Short descriptive text snippets:
● ● ● ● ● ● ●

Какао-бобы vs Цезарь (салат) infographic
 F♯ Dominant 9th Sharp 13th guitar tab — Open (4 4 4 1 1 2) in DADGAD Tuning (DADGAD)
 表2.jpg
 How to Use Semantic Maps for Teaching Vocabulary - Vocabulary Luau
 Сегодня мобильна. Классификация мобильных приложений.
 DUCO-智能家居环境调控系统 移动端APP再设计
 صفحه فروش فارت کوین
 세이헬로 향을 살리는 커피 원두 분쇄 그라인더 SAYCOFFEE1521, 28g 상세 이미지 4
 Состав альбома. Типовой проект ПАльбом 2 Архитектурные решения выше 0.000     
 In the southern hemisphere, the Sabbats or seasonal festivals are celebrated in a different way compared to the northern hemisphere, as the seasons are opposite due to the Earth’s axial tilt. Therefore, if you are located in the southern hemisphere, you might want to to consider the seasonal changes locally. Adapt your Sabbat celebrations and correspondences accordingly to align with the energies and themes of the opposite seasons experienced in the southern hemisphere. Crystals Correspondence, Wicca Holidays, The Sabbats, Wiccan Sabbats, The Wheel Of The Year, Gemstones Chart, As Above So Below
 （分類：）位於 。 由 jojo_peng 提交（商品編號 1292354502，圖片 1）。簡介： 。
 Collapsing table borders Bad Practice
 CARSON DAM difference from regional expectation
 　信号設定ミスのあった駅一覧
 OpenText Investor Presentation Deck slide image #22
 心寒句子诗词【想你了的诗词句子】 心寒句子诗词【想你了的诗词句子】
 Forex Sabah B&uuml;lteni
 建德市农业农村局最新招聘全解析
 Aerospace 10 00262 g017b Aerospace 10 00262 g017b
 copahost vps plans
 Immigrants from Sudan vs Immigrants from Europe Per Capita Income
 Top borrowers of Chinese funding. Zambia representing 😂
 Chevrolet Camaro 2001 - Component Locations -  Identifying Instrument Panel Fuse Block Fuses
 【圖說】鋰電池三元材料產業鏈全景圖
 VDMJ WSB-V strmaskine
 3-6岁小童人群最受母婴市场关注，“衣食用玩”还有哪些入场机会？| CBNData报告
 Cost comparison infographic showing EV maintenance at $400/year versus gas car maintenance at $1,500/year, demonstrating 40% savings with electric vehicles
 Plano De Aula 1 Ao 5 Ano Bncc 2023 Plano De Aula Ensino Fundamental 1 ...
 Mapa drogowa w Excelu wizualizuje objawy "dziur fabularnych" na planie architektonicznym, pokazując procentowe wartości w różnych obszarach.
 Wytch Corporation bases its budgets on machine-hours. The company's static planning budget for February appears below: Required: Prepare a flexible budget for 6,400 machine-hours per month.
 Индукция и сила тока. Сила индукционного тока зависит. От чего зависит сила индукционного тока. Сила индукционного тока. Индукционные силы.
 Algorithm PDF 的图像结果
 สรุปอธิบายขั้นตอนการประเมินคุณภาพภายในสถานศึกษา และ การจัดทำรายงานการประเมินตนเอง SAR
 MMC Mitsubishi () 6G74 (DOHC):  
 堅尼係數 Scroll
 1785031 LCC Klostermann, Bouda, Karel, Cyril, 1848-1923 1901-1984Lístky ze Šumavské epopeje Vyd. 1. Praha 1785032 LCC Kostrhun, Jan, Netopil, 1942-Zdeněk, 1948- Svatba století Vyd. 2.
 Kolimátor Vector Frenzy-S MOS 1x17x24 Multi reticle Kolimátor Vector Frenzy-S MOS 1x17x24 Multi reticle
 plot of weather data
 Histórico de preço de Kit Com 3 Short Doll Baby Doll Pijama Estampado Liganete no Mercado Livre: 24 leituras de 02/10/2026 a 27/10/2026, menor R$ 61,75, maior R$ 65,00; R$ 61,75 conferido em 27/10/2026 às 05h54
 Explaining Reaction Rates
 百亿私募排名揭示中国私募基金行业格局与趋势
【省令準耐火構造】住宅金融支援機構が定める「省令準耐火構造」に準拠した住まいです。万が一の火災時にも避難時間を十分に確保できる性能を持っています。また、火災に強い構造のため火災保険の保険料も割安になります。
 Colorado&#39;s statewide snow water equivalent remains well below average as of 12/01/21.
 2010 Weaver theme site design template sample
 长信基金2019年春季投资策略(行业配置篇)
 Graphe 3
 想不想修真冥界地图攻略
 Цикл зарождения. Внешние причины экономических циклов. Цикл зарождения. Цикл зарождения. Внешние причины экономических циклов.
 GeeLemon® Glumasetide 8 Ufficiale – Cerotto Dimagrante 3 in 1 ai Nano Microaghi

● ● ● ● ● ● ●

**Task instructions:** As the answer, set down only the lines from the data above between the one holding "1785031 LCC Klostermann, Bouda, Karel, Cyril, 1848-1923" and the one holding "plot of weather data", inclusive, exactly as they read.

**Result:**
 1785031 LCC Klostermann, Bouda, Karel, Cyril, 1848-1923 1901-1984Lístky ze Šumavské epopeje Vyd. 1. Praha 1785032 LCC Kostrhun, Jan, Netopil, 1942-Zdeněk, 1948- Svatba století Vyd. 2.
 Kolimátor Vector Frenzy-S MOS 1x17x24 Multi reticle Kolimátor Vector Frenzy-S MOS 1x17x24 Multi reticle
 plot of weather data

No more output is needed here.